Moe Chaudry November 26, 1997

Tags: Christian , Religion , Christmas , Eid , Children , Dating , Identity , Diversity , Family , Marriage , Relationships , Society


One of the most powerful images of the Bosnian civil war was of a man
and woman who had been shot while trying to escape Sarajevo. The scene
was all the more significant because the dead were an inter-religious
couple. As Bosnia's Moslem and Christian populations
destroyed each
other, the couple, a Moslem and a Christian, could not survive in a
society divided along religious lines.

While Americans can take heart that our religious divisions have not
produced the internecine conflict seen in Sarajevo, had they escaped to
the United States, this couple would still have encountered many
obstacles. American society has made marked progress towards accepting
diversity over the last 30 years. The dramatic increase in interracial
marriages proves this trend. Yet while many Americans have come to at
least tolerate these unions, inter-religious dating and marriage are
still taboos associated with a host of tribulations.

The reservations Americans hold toward inter-religious union run deep.
Will the marriage take place in a synagogue or a church or a mosque?
Will the family celebrate Christmas or Eid or Chanuka? Is such a union
recognizable in the eyes of God? These are just a few of the questions
that an inter-religious couple faces when they attempt to gain
acceptance and understanding from loved ones. These barriers are not
just conservative constructs. At places as diverse and liberal as
Microsoft Valley here in Seattle, few can claim to have never fallen
for, nor been attracted to, a member of a different faith.
Inter-religious dating is fairly common. But when taking these
relationships to the higher level in which marriage is a possible
outcome, these couples ar faced with many of the same reservations.

One of the most vexing questions to arise out of these relationships
concerns the future religious affiliation of children. Even the
religiously unobservant often feel a primordial wish that their children
share their religious affiliation. This desire is often heightened in
religious minorities, who fear that intermarriage will result in
assimilation into the Christian majority or the loss of traditional
culture. In the eyes of most, children cannot share the differing
religious identities of their parents. In a society where dual ethnic
identities are commonplace, it is unfortunate that even those who see
the universal aspect in the world's religions cling to the belief that
an individual can profess only one religious identity. While one can
claim to be both Asian and American, or English and Welsh, being both
Jewish and Moslem is viewed as an impossibility.

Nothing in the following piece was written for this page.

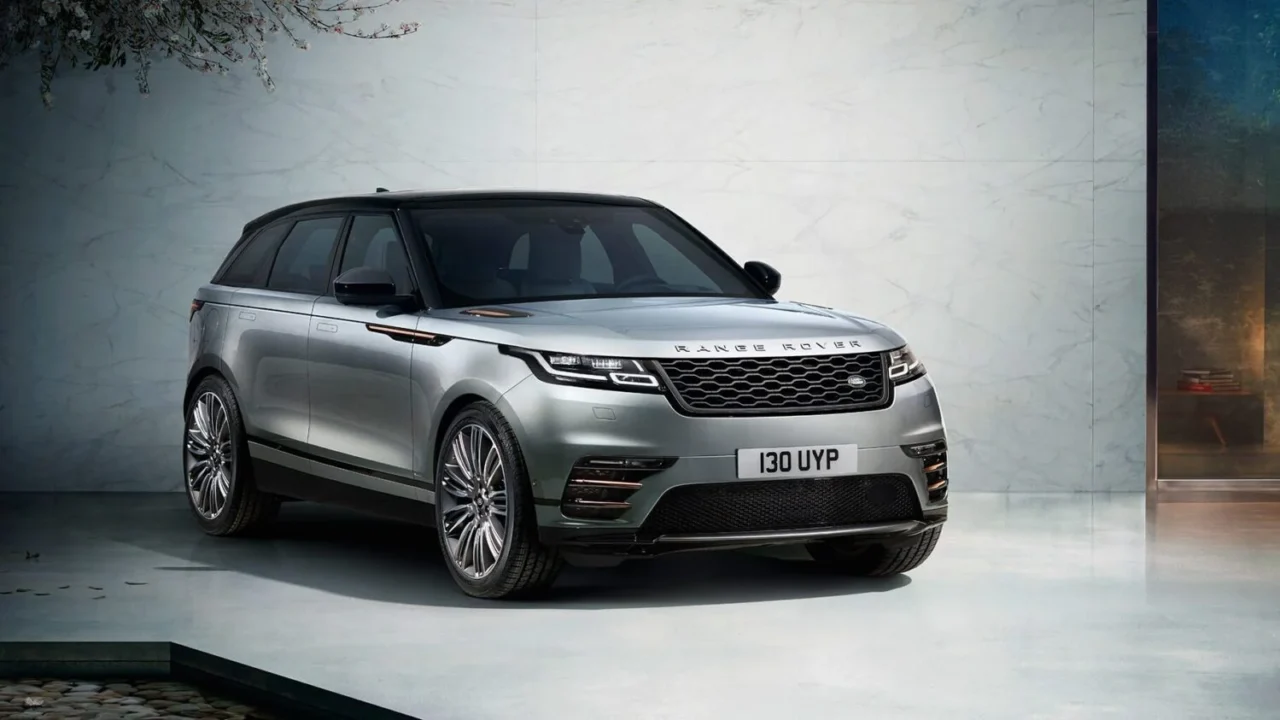 Як Range Rover Velar поєднує сучасний стиль із функціональністю?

Our country defines itself by bringing different people together in one
polity, but needs to realize that diversity does not end with
ethnicity. Religion plays a key role in the lives of most Americans,
and the topic of inter-religious union cannot be swept under the rug.
Just as social scientists grapple with dual ethnic and cultural
identities, religious scholars must consider the possibility that
individuals can be faithful to more than one religion. While this view
may be unpalatable to those who believe that their religion carries the
only accept- able message, those of us who believe that there is truth
in all religions may come to realize that dual religious identity is not
so radical a concept.

Interracial marriages and their children serve as powerful reminders of
what this country stands for. Similarly, inter-religious unions can
only strengthen our civic ideal of a society in which different, often
conflicting, people can be brought together to create one nation. In
many ways, the death of a young couple in Sarajevo was a harbinger of
the death of Bosnian society. Strengthening acceptance of
inter-religious relationships will further ensure that such a horrific
scene will never be played out in the streets of Silicon Valley.